- _Task directions_: Reproduce the entries that follow exactly, dropping each image.

:: Task inputs

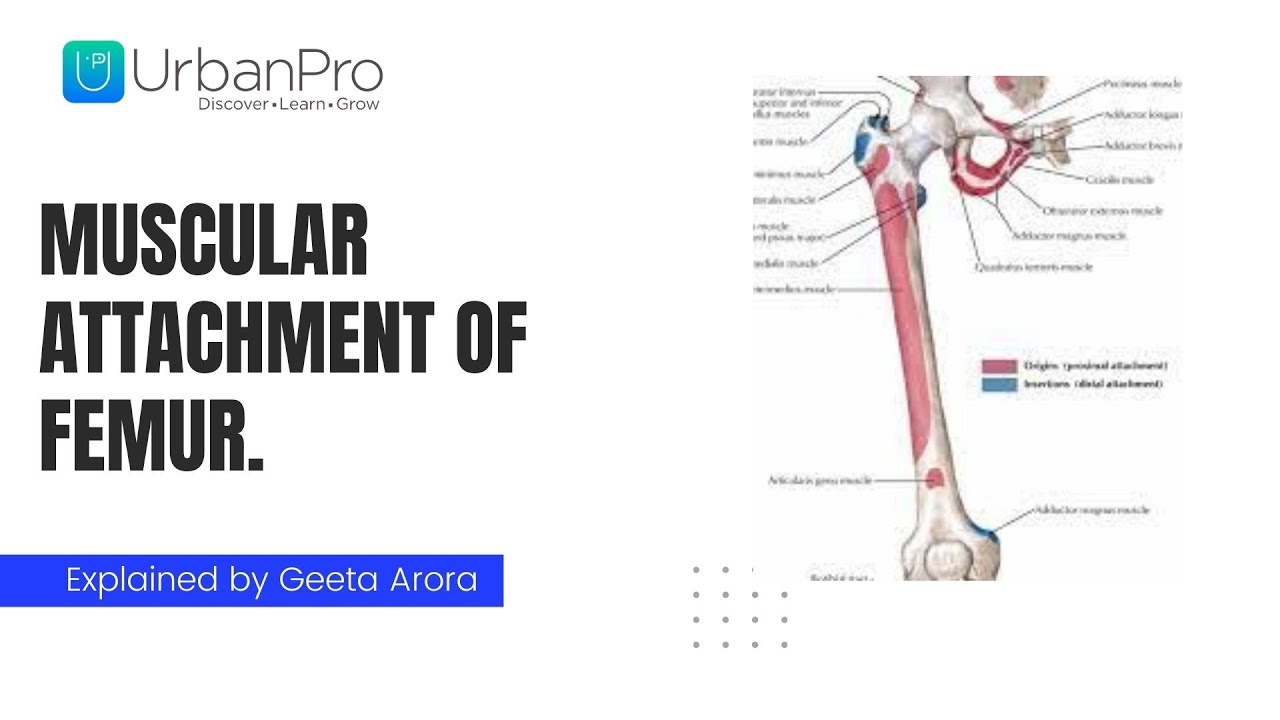 femur muscle attachments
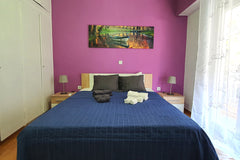 Whatever you need for your Athens stay, you will find it in this cozy and easily Athens, Greece Athens: Center / Walking Distance / Big Balcony Entire rental unit vacation rental 50093206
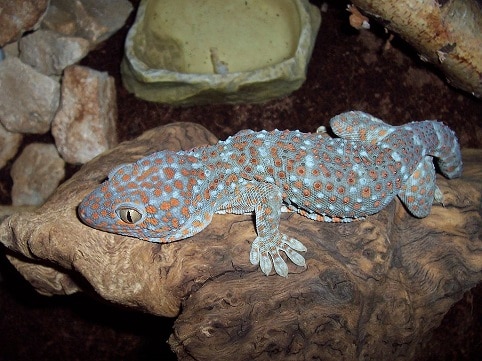 tokay gecko gekko gecko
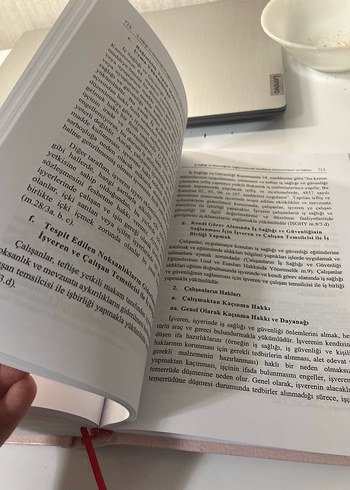  Beden Renk Bireysel İş Hukuku 13. Baskı - Yetkin Yayınları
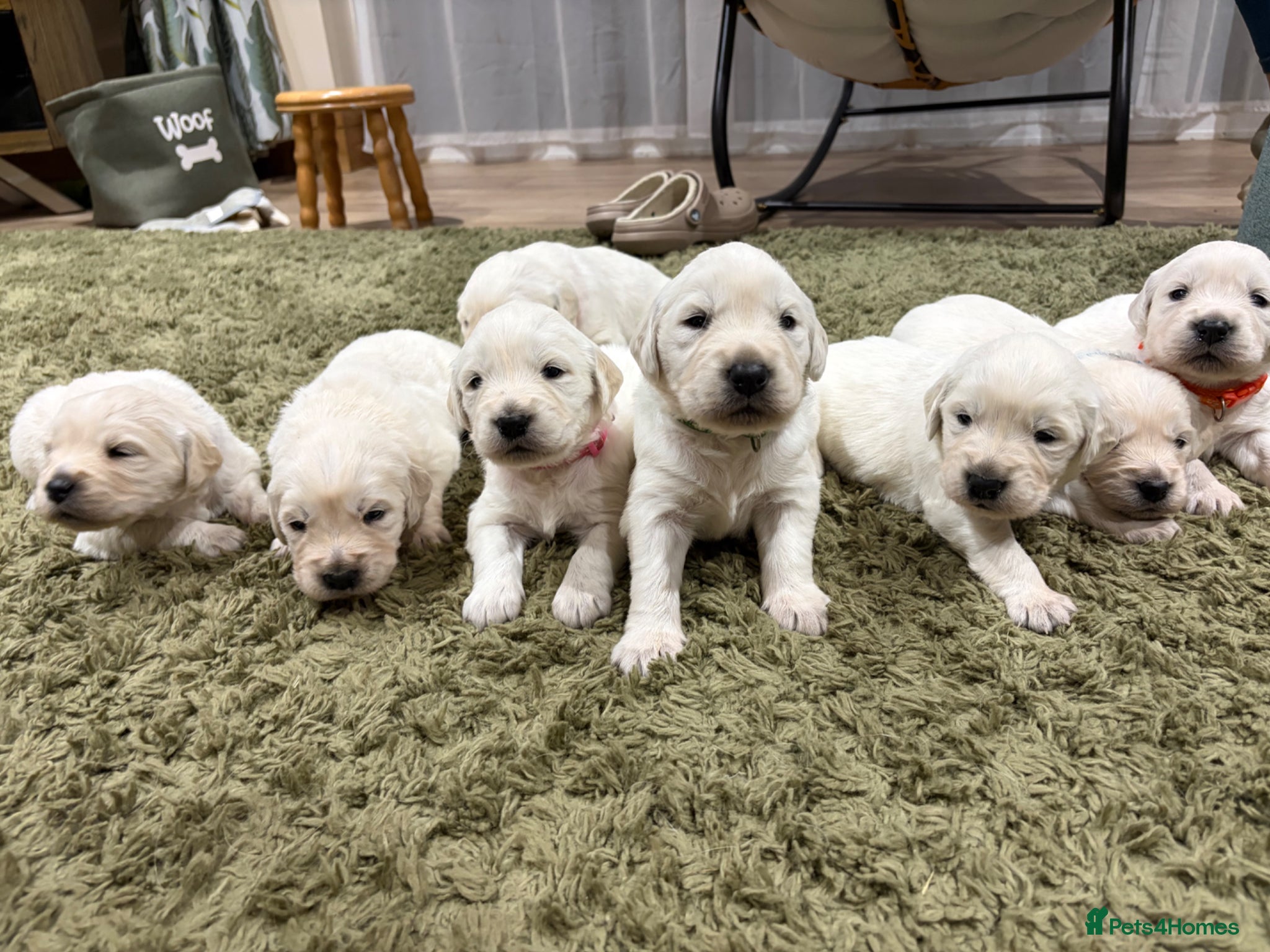 Golden Retriever dogs KC registered golden retriever puppies for sale - Advert 2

::::

- _Task output_:
 femur muscle attachments
 Whatever you need for your Athens stay, you will find it in this cozy and easily Athens, Greece Athens: Center / Walking Distance / Big Balcony Entire rental unit vacation rental 50093206
 tokay gecko gekko gecko
  Beden Renk Bireysel İş Hukuku 13. Baskı - Yetkin Yayınları
 Golden Retriever dogs KC registered golden retriever puppies for sale - Advert 2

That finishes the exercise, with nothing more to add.